TASK DIRECTIONS:
Nothing but the lines below from the one holding "7 Moncler FRGMT" up to and including the one holding "vidaXL Bibliotecă, gri" should be copied, exactly and without pictures.

DATA FOR PROCESSING:
=== Section Start ===

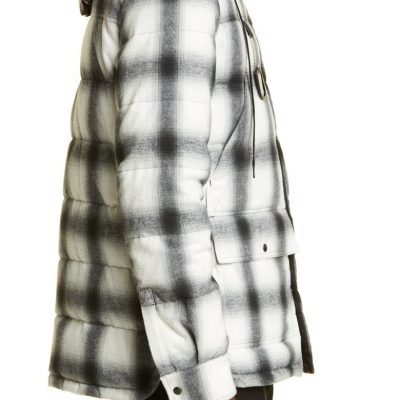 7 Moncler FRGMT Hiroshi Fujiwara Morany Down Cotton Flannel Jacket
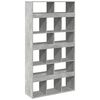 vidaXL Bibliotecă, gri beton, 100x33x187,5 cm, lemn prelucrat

=== Section End ===
=== Section Start ===

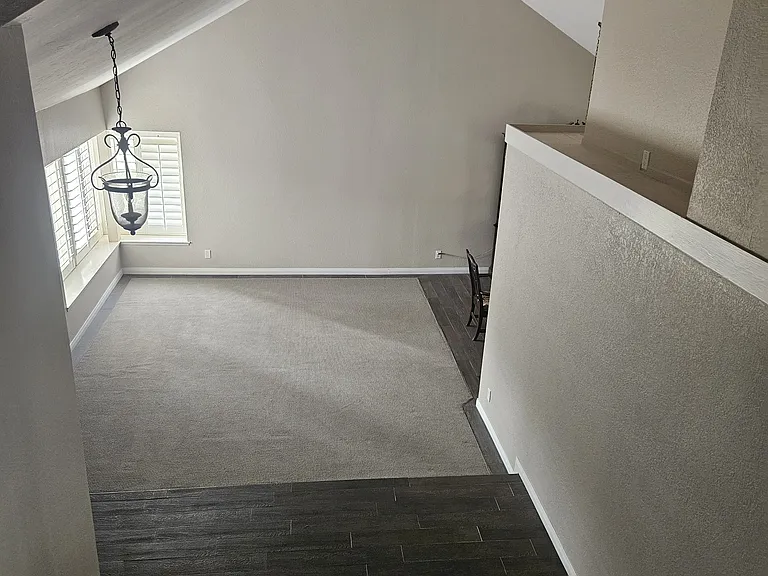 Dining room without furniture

=== Section End ===

SOLUTION FOR THIS TASK:
 7 Moncler FRGMT Hiroshi Fujiwara Morany Down Cotton Flannel Jacket
 vidaXL Bibliotecă, gri beton, 100x33x187,5 cm, lemn prelucrat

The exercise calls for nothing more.